# RECORDS FOR PROCESSING:

# # # # #

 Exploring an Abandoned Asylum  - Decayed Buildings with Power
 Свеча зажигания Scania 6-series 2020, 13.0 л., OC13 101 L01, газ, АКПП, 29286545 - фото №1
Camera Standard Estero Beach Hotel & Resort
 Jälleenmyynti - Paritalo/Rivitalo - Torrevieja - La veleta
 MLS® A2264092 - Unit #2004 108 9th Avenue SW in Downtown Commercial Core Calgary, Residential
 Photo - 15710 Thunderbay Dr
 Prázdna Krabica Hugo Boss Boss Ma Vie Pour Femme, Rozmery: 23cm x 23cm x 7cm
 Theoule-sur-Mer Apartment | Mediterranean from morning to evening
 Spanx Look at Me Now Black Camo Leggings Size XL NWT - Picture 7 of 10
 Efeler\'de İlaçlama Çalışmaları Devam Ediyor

# # # # #

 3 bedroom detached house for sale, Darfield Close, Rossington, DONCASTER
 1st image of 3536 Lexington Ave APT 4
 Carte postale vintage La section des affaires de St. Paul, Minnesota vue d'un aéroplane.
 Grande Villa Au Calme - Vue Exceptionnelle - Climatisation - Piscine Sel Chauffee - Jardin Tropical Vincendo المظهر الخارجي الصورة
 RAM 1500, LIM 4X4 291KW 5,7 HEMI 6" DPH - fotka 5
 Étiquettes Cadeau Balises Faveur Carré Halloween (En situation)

# # # # #

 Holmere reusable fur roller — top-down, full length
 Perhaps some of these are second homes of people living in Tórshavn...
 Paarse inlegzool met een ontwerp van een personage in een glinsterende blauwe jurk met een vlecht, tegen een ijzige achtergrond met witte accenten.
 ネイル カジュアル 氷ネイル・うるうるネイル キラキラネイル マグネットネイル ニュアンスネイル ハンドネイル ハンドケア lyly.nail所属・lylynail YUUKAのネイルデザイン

# # # # #

Take the entries above and return only the lines from the one with "Jälleenmyynti - Paritalo/Rivitalo" to the one with "Efeler\'de İlaçlama Çalışmaları Devam Ediyor", both included, unchanged.

 Jälleenmyynti - Paritalo/Rivitalo - Torrevieja - La veleta
 MLS® A2264092 - Unit #2004 108 9th Avenue SW in Downtown Commercial Core Calgary, Residential
 Photo - 15710 Thunderbay Dr
 Prázdna Krabica Hugo Boss Boss Ma Vie Pour Femme, Rozmery: 23cm x 23cm x 7cm
 Theoule-sur-Mer Apartment | Mediterranean from morning to evening
 Spanx Look at Me Now Black Camo Leggings Size XL NWT - Picture 7 of 10
 Efeler\'de İlaçlama Çalışmaları Devam Ediyor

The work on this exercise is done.